Saved data entries:

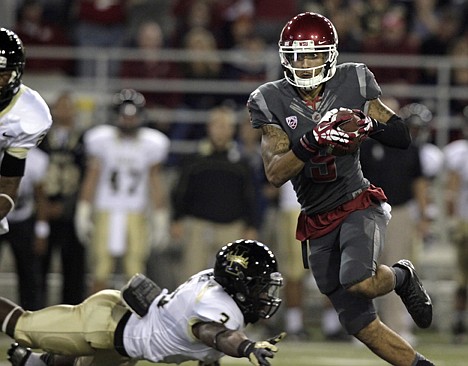 &lt;p&gt;Washington State wide receiver Gabe Marks (9) eludes the tackle attempt by Idaho safety D'Mario Carter (3) as he scores a touchdown during the first quarter Saturday in Pullman.&lt;/p&gt;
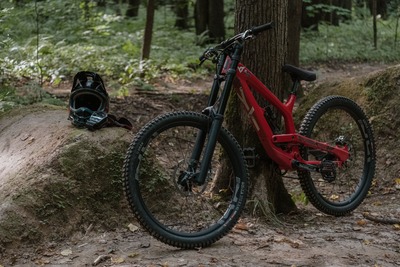 A red downhill mountain bike on a dirt road is parked by a tree.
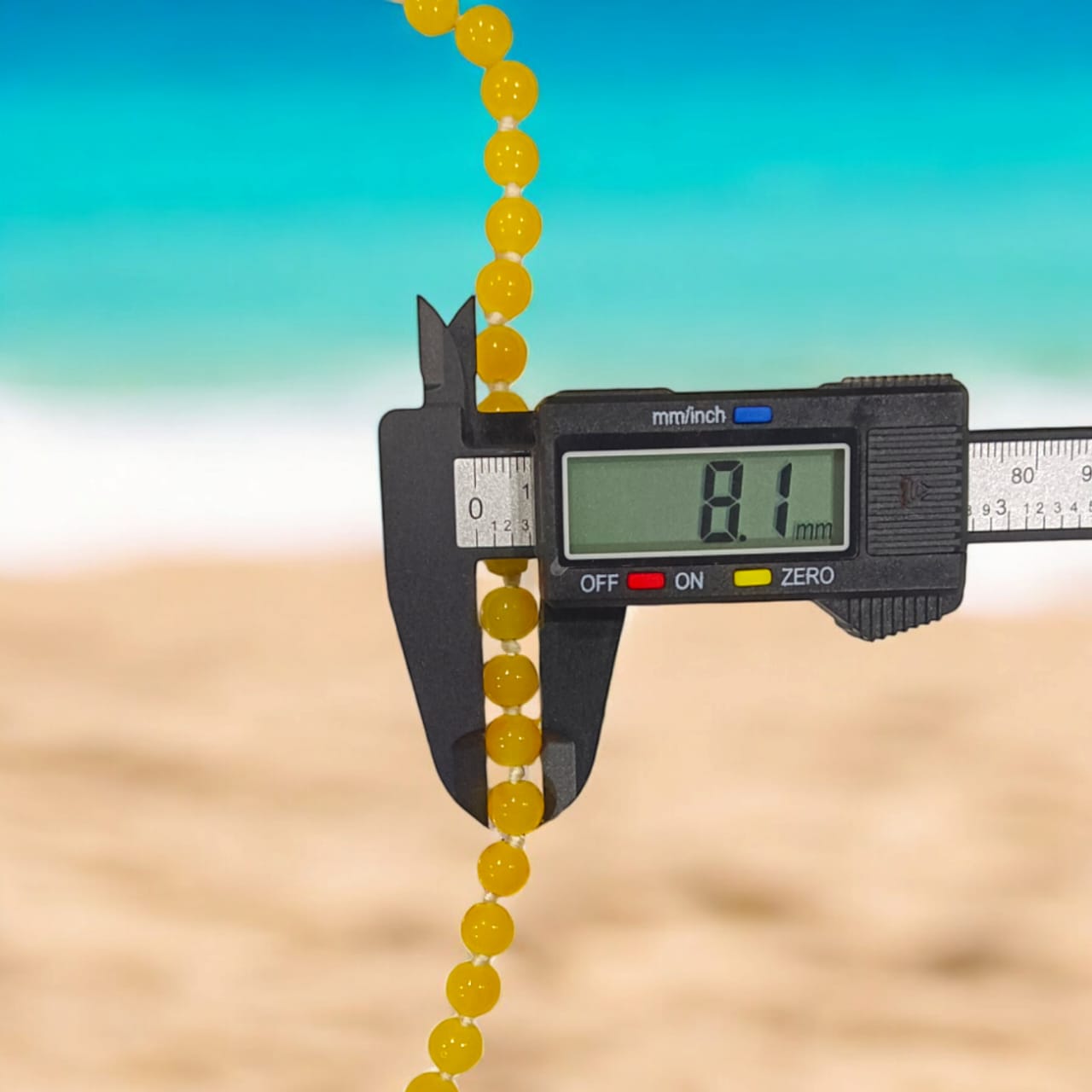 A Yellow Agate Mala with 8MM round beads in 108+1 bead count, hand-threaded and arranged neatly on a white surface, showcasing its golden hue and craftsmanship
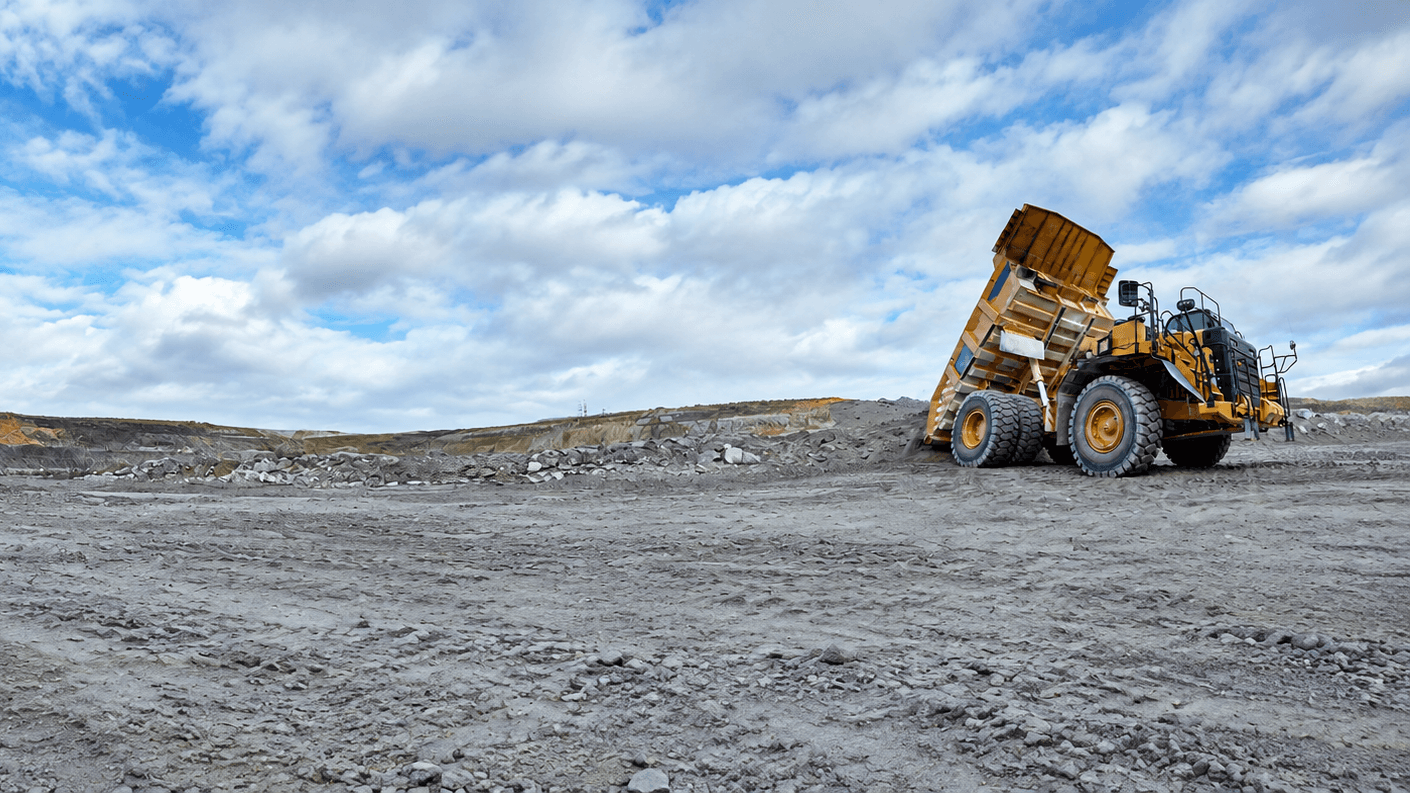 Large yellow mining truck with a raised dump bed at a mine site.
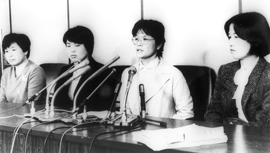 Four women at a table speak into microphones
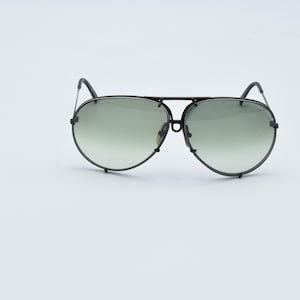 K&ouml;nnte beinhalten: Schwarze Aviator-Sonnenbrille mit Doppelsteg und Farbverlaufsgl&auml;sern. Die Gl&auml;ser gehen von einem dunkleren Farbton oben zu einem helleren Farbton unten &uuml;ber. Der Rahmen hat ein mattes Schwarz.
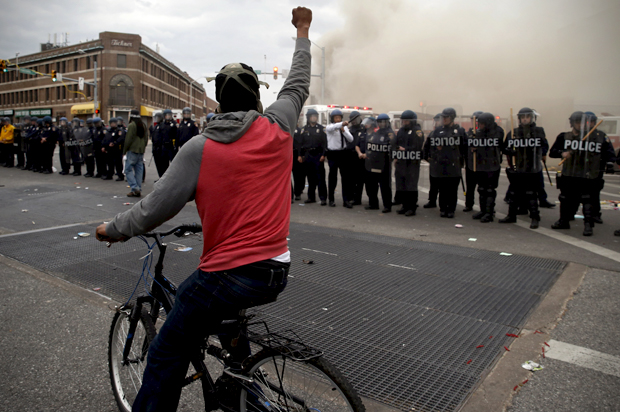 A protestor faces a line of police during clashes in Baltimore, Maryland April 27, 2015. (Reuters/Jim Bourg)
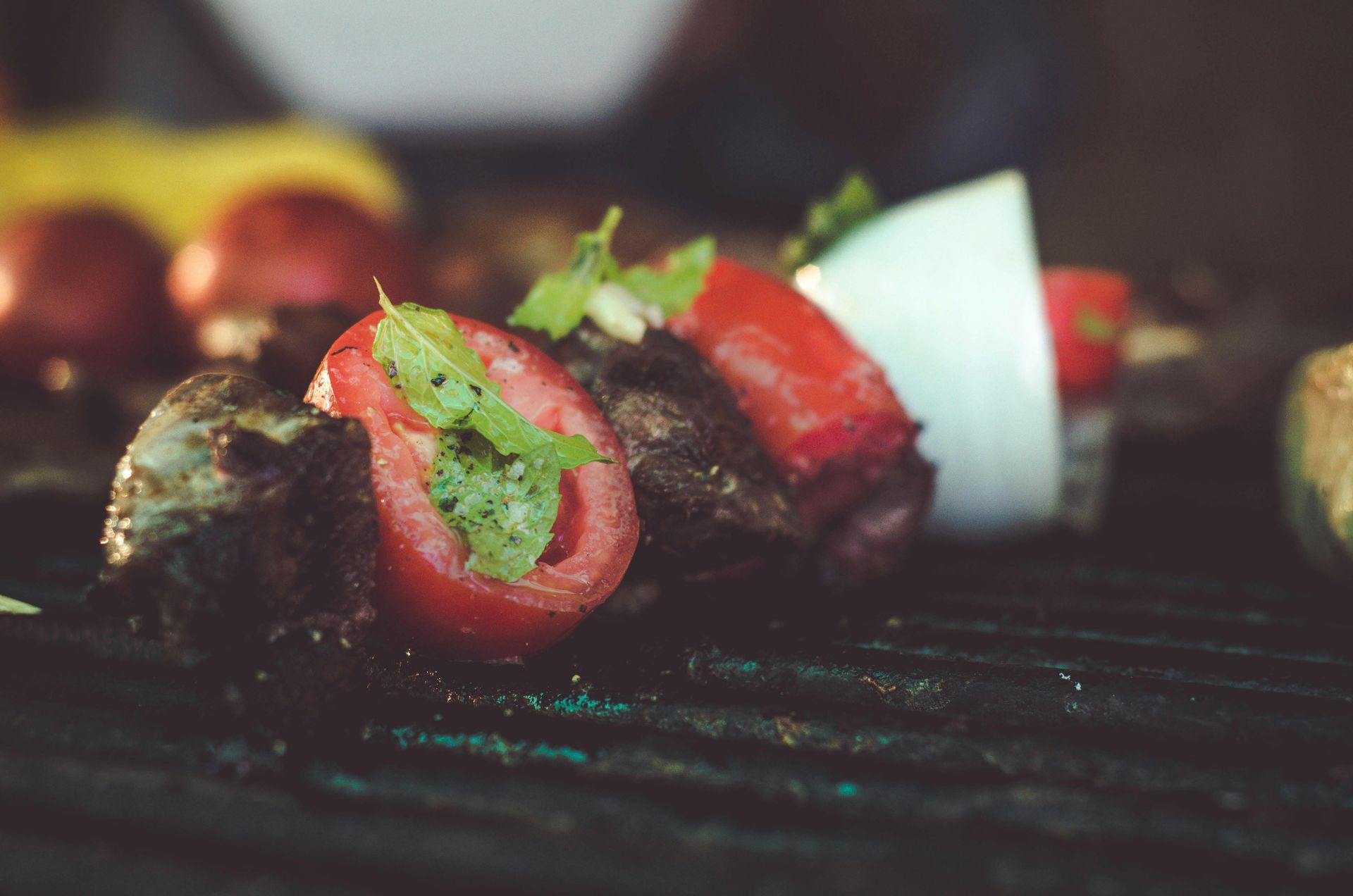 A close up of a grill with meat and vegetables on it.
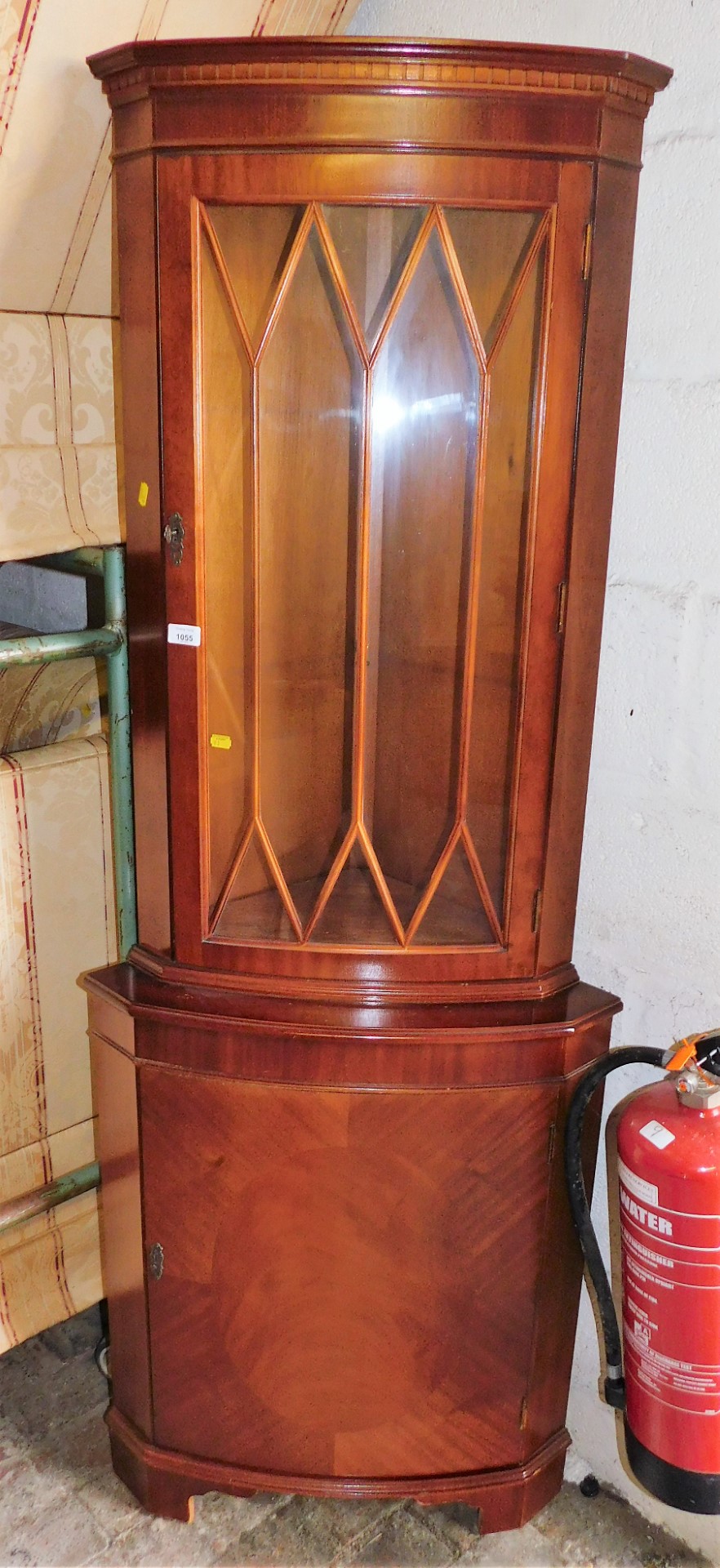 A mahogany corner cabinet, the top with astragal glazed door above a single hinged door, 179cm high.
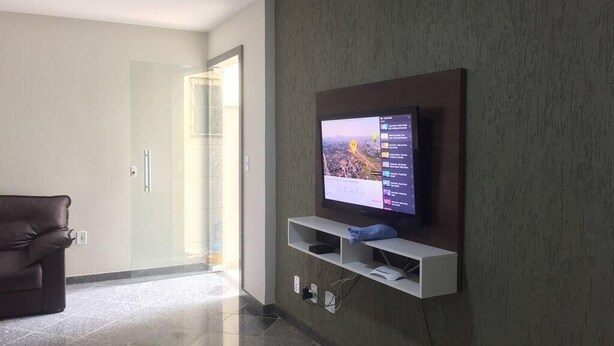 A modern living room with a flat-screen TV mounted on a wall, a leather sofa, and a glass door leading to another room. - Condomínio Ed. Sirene Fraga (Guarapari)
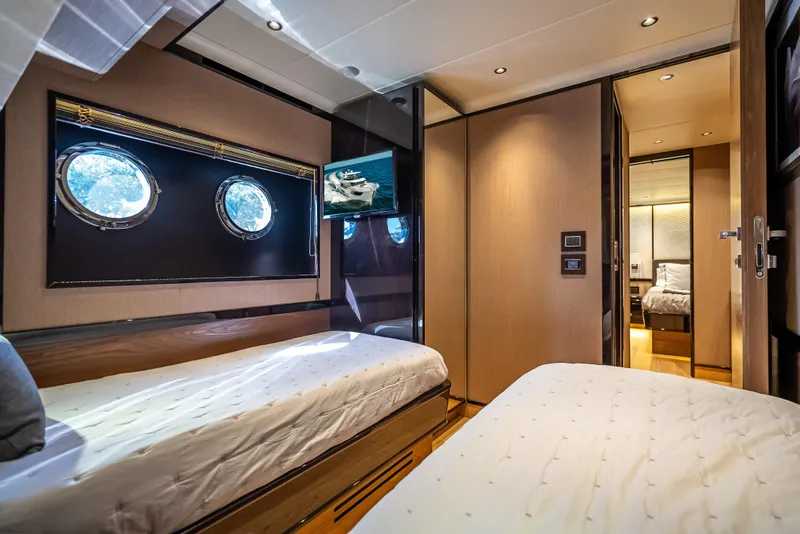 Slide: The Image of Luxurious cabin interior of 2022 Absolute Navetta 73 yacht with twin beds and porthole windows. - 32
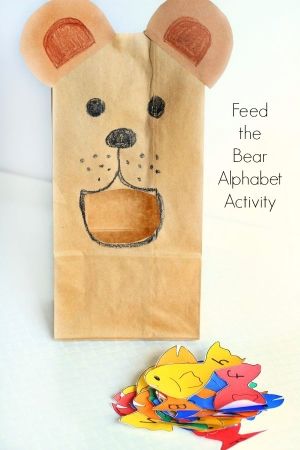 This bear alphabet activity is an excellent way to teach letter recognition and letter sounds to preschoolers. It's a great ABC activity for a bear theme! Activities With Brown Paper Bags, The Very Hungry Bear Activities, Letter B Prek Activities, B Is For Bear Preschool, Feed The Bear Game, Letter B Games For Preschool, B Letter Activities For Preschool, Bear Unit Preschool, Bear Games Preschool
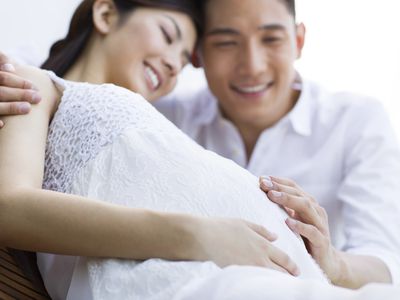 Pregnant woman with partner's hand on her belly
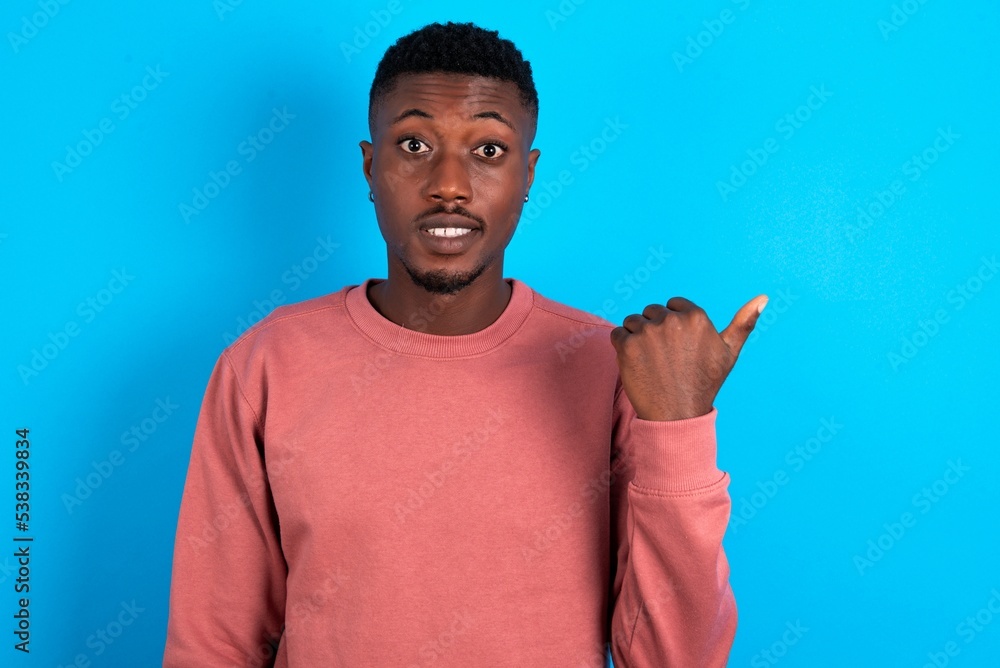 Lovely young handsome man wearing pink sweater over blue background pointing aside with forefinger, showing at copy space having news about bargains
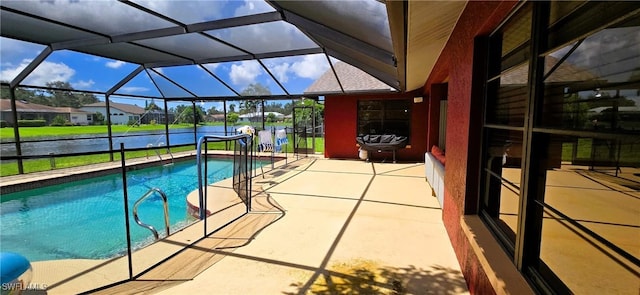 view of pool with a patio and a lanai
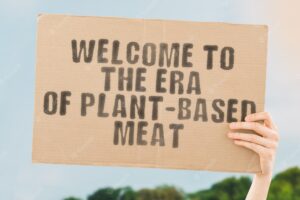 The phrase welcome to the era of plantbased meat on a banner in hand nutrition food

▸ **Requirement**: Produce an exact reprint of the entries, dropping the images.

▸ **The answer**:
 &lt;p&gt;Washington State wide receiver Gabe Marks (9) eludes the tackle attempt by Idaho safety D'Mario Carter (3) as he scores a touchdown during the first quarter Saturday in Pullman.&lt;/p&gt;
 A red downhill mountain bike on a dirt road is parked by a tree.
 A Yellow Agate Mala with 8MM round beads in 108+1 bead count, hand-threaded and arranged neatly on a white surface, showcasing its golden hue and craftsmanship
 Large yellow mining truck with a raised dump bed at a mine site.
 Four women at a table speak into microphones
 K&ouml;nnte beinhalten: Schwarze Aviator-Sonnenbrille mit Doppelsteg und Farbverlaufsgl&auml;sern. Die Gl&auml;ser gehen von einem dunkleren Farbton oben zu einem helleren Farbton unten &uuml;ber. Der Rahmen hat ein mattes Schwarz.
 A protestor faces a line of police during clashes in Baltimore, Maryland April 27, 2015. (Reuters/Jim Bourg)
 A close up of a grill with meat and vegetables on it.
 A mahogany corner cabinet, the top with astragal glazed door above a single hinged door, 179cm high.
 A modern living room with a flat-screen TV mounted on a wall, a leather sofa, and a glass door leading to another room. - Condomínio Ed. Sirene Fraga (Guarapari)
 Slide: The Image of Luxurious cabin interior of 2022 Absolute Navetta 73 yacht with twin beds and porthole windows. - 32
 This bear alphabet activity is an excellent way to teach letter recognition and letter sounds to preschoolers. It's a great ABC activity for a bear theme! Activities With Brown Paper Bags, The Very Hungry Bear Activities, Letter B Prek Activities, B Is For Bear Preschool, Feed The Bear Game, Letter B Games For Preschool, B Letter Activities For Preschool, Bear Unit Preschool, Bear Games Preschool
 Pregnant woman with partner's hand on her belly
 Lovely young handsome man wearing pink sweater over blue background pointing aside with forefinger, showing at copy space having news about bargains
 view of pool with a patio and a lanai
 The phrase welcome to the era of plantbased meat on a banner in hand nutrition food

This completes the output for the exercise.